A busy and walkable downtown plays a unique role in the economic development of a city.
Capitalizing on that concept, Twin Falls is finalizing plans to revitalize five blocks along Main Street in an effort to create a stronger community center. The goal is to engage the community in social and economic activity in a central location through events and amenities. In general, community engagement eventually reaches a critical mass that will then spur additional economic growth by way of thriving property values, new jobs, tourism, and city pride.
The city council unanimously approved a preliminary design in August with the hopes of implementing it over the next two construction seasons. Completion of the project is slated for October of 2017. The first phase, which will begin in the spring of 2016, will focus on improving infrastructure in the area by replacing water, sewer, and utility lines to accommodate current and future businesses. The second phase will attract pedestrians by enhancing walkability. These improvements include new sidewalks, streetscapes, landscaping, and lighting, as well the demolition of a large building to make room for a public plaza.

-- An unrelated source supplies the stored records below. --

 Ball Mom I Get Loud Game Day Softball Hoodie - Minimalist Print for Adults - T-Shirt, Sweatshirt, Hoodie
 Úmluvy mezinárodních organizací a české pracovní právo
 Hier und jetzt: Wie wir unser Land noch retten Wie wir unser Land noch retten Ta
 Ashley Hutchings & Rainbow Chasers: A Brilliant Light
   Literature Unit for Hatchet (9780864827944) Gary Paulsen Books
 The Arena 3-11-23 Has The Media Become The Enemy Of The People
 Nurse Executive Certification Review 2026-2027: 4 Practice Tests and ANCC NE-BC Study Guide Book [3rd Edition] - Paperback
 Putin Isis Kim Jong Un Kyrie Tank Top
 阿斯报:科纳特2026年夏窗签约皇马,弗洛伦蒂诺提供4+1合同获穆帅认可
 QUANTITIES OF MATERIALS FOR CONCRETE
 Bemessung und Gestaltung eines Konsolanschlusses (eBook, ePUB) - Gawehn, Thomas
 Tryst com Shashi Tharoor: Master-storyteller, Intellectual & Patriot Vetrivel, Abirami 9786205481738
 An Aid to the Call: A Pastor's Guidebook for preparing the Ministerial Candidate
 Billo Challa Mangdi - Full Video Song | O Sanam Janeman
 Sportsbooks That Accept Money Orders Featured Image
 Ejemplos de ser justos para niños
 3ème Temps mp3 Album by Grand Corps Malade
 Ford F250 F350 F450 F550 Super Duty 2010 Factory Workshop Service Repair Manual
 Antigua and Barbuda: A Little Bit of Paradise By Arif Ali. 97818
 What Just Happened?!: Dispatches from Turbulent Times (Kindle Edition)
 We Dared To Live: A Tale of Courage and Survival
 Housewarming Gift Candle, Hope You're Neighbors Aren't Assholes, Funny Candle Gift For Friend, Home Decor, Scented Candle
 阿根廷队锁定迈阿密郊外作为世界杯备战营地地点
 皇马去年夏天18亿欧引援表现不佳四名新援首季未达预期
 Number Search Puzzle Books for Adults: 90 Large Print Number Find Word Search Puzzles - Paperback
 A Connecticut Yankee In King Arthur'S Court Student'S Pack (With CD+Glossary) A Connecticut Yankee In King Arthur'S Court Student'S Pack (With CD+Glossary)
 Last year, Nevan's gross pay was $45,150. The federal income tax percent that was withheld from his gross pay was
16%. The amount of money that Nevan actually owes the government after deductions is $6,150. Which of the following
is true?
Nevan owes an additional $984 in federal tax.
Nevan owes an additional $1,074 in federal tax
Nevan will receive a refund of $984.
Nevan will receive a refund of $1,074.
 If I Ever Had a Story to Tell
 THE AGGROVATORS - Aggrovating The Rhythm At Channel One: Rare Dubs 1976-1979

The city has allocated $100,000 to incorporate public art throughout the project, including an arch across Main Street as an identifying feature of downtown. The total estimated cost of the entire project is estimated to be around $12 million depending on what features are included in the final design.
U.S. Economic Outlook
A week after the Chinese stock market introduced extreme volatility and instability into global markets, U.S. annualized GDP growth for the second quarter of this year was revised upward from 2.3 percent to 3.7 percent. The upward revision reflects lower U.S. government debt, a stronger dollar, higher inventories, and greater government and personal expenditures. In light of lower gasoline prices, a strong labor market, and rising home prices, household wealth and consumer spending are rising. This indicates that the U.S. economy is presently strong enough to weather turbulent global markets, especially since stock markets represent only one aspect of the overall economic picture.
China’s stock market drop in August—likely a market correction—is expected to have little long-term effect on the overall growth of the U.S. economy. Underlying economic drivers in the United States are consistently getting stronger. Employment numbers continue to register increases in non-farm industries. Unemployment numbers remain at historic lows. Home prices are slowly but steadily increasing. Gasoline prices, absent day-to-day fluctuations, have mostly stabilized and returned to historical price trends.
Oil prices have declined in recent months, but at a much steadier rate than we saw in the second half of last year—apart from some volatility at the end of August and beginning of September. The oil supply is expected to increase despite low prices. In the absence of sanctions, Iran started to pump more oil to make up lost market share and revenues from years of closed markets. Saudi Arabia shows no intention of decreasing oil production to keep prices high because it is unwilling to lose market share. While the OPEC cartel is designed to control prices by restricting output, enforcement is difficult: as Saudi Arabia saw in the ’80s, other oil-producing countries are unlikely to decrease production.
Although the United States is experiencing steady economic growth, struggling economies in Brazil, Greece, and China have a negative impact on the global economic trajectory.
Brazil’s GDP shrank by 1.9 percent in the second quarter of 2015—the biggest decline since 2009. In the past year, Brazil’s economy has contracted by 2.6 percent. In July, the unemployment rate rose to 7.5 percent, up from 4.9 percent just a year earlier. Brazilian inflation remains high, and GDP will likely continue to shrink.
Greece has recently started a third necessary bailout after months of negotiations. The difficulty of passing austerity measures and collecting taxes has put Greece on the brink of default numerous times in the past several months. While the immediate threat of default has subsided, uncertainty about Greece’s place in the Eurozone introduces uncertainty in global markets that are connected to Greece directly and through the Eurozone.
China has taken center stage in global markets recently. The good news about China’s situation is that many economists and analysts have indicated that business transactions and growth in China are still strong. Recent volatility is seen as temporary and relatively minor. China’s stock market is still higher than it was a year ago, and underlying growth, while slowing, is positive: consumers in China are still buying iPhones and watches, and consumers in the U.S. are still buying items made in China.
As these three countries resolve their economic difficulties, the global economy in general and the long-term U.S. economy specifically will continue to grow.